Shiny.Maui.Shell v6 support for AI routing tools Learn More

Custom Provider

Overview

Shiny Speech uses a pluggable cloud provider architecture. You can implement your own STT and/or TTS providers by implementing the ISpeechToTextProvider and ITextToSpeechProvider interfaces from Shiny.Speech.Cloud.

Cloud providers replace the platform-native ISpeechToTextService / ITextToSpeechService registrations while still relying on platform-native audio capture (IAudioSource) and playback (IAudioPlayer).

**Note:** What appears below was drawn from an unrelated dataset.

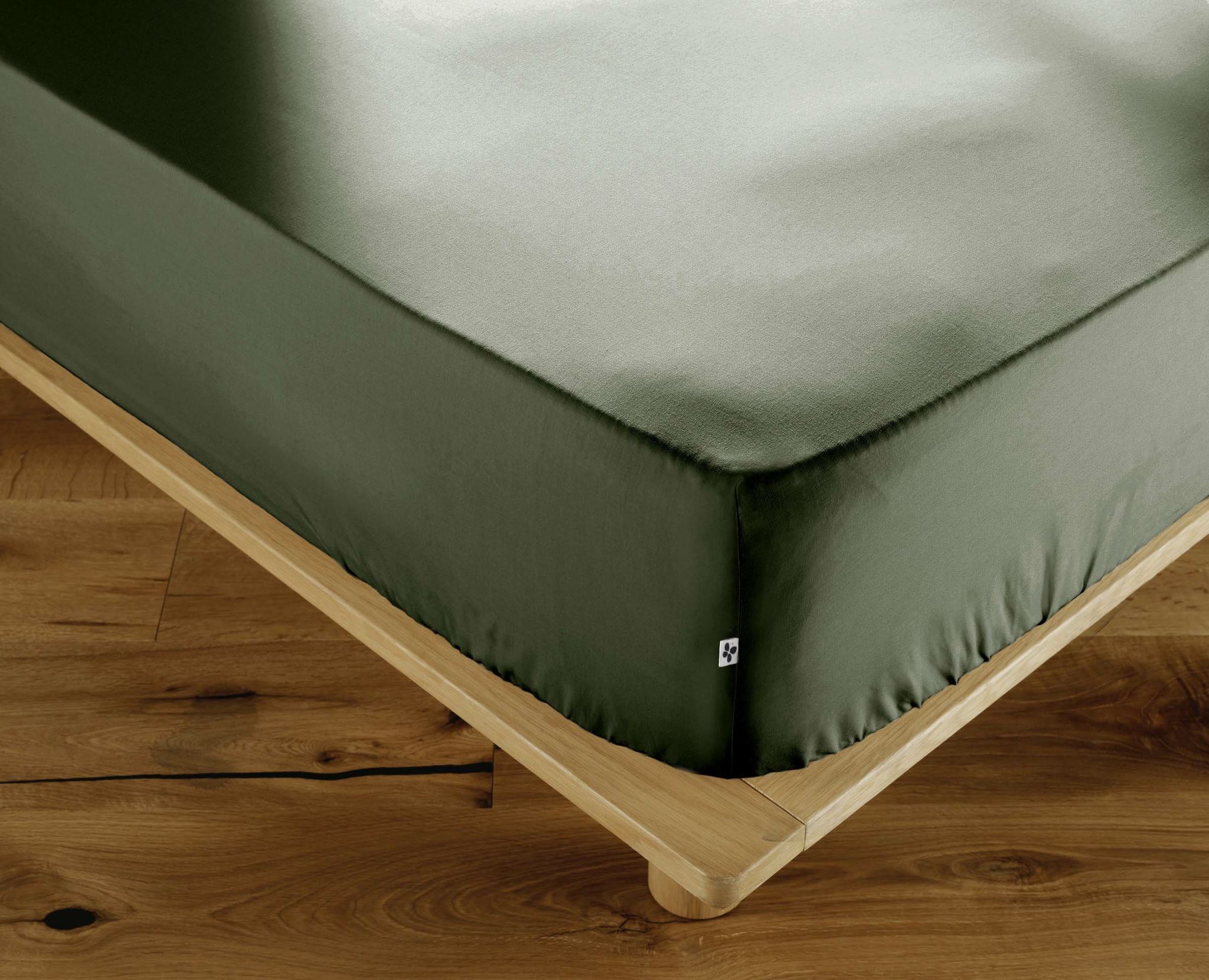 Drap-housse 160 X 200 Cm Percale De Coton 120 Fils Unie Perrine - Romarin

Custom Speech-to-Text Provider

Implement ISpeechToTextProvider to receive raw PCM audio (16kHz, 16-bit, mono) and yield recognition results:

using Shiny.Speech;
using Shiny.Speech.Cloud;

public class MyCloudSttProvider : ISpeechToTextProvider
{
    public async IAsyncEnumerable<SpeechRecognitionResult> RecognizeAsync(
        Stream audioStream,
        SpeechRecognitionOptions? options = null,
        [EnumeratorCancellation] CancellationToken cancellationToken = default)
    {
        // Read PCM audio from audioStream
        // Send to your cloud API
        // Yield results as they arrive
        yield return new SpeechRecognitionResult(
            "recognized text",
            IsFinal: true,
            Confidence: 0.95f
        );
    }
}

builder.Services.AddAudioSource();   // Platform-native microphone capture (required)
builder.Services.AddCloudSpeechToText<MyCloudSttProvider>();

Custom Text-to-Speech Provider

Implement ITextToSpeechProvider to synthesize text into an audio stream:

using Shiny.Speech;
using Shiny.Speech.Cloud;

public class MyCloudTtsProvider : ITextToSpeechProvider
{
    public async Task<IReadOnlyList<VoiceInfo>> GetVoicesAsync(
        CultureInfo? culture = null,
        CancellationToken cancellationToken = default)
    {
        // Return available voices from your cloud provider
        return new[]
        {
            new VoiceInfo("voice-1", "Default Voice", CultureInfo.GetCultureInfo("en-US"))
        };
    }

    public async Task<Stream> SynthesizeAsync(
        string text,
        TextToSpeechOptions? options = null,
        CancellationToken cancellationToken = default)
    {
        // Send text to your cloud API
        // Return the audio stream (MP3 format)
        return audioStream;
    }
}

builder.Services.AddAudioPlayer();   // Platform-native audio playback (required)
builder.Services.AddCloudTextToSpeech<MyCloudTtsProvider>();

Provider Interfaces

ISpeechToTextProvider

public interface ISpeechToTextProvider
{
    IAsyncEnumerable<SpeechRecognitionResult> RecognizeAsync(
        Stream audioStream,
        SpeechRecognitionOptions? options = null,
        CancellationToken cancellationToken = default
    );
}

ITextToSpeechProvider

public interface ITextToSpeechProvider
{
    Task<IReadOnlyList<VoiceInfo>> GetVoicesAsync(
        CultureInfo? culture = null,
        CancellationToken cancellationToken = default
    );

    Task<Stream> SynthesizeAsync(
        string text,
        TextToSpeechOptions? options = null,
        CancellationToken cancellationToken = default
    );
}

How It Works

When you register a cloud provider, Shiny Speech creates a bridge class (CloudSpeechToText or CloudTextToSpeech) that:

Captures audio from IAudioSource (for STT) or receives synthesized audio (for TTS)
Delegates recognition/synthesis to your provider implementation
Exposes the standard ISpeechToTextService / ITextToSpeechService interface

This means your app code doesn’t change — you can swap between platform-native, Azure, ElevenLabs, or your own provider by changing only the DI registration.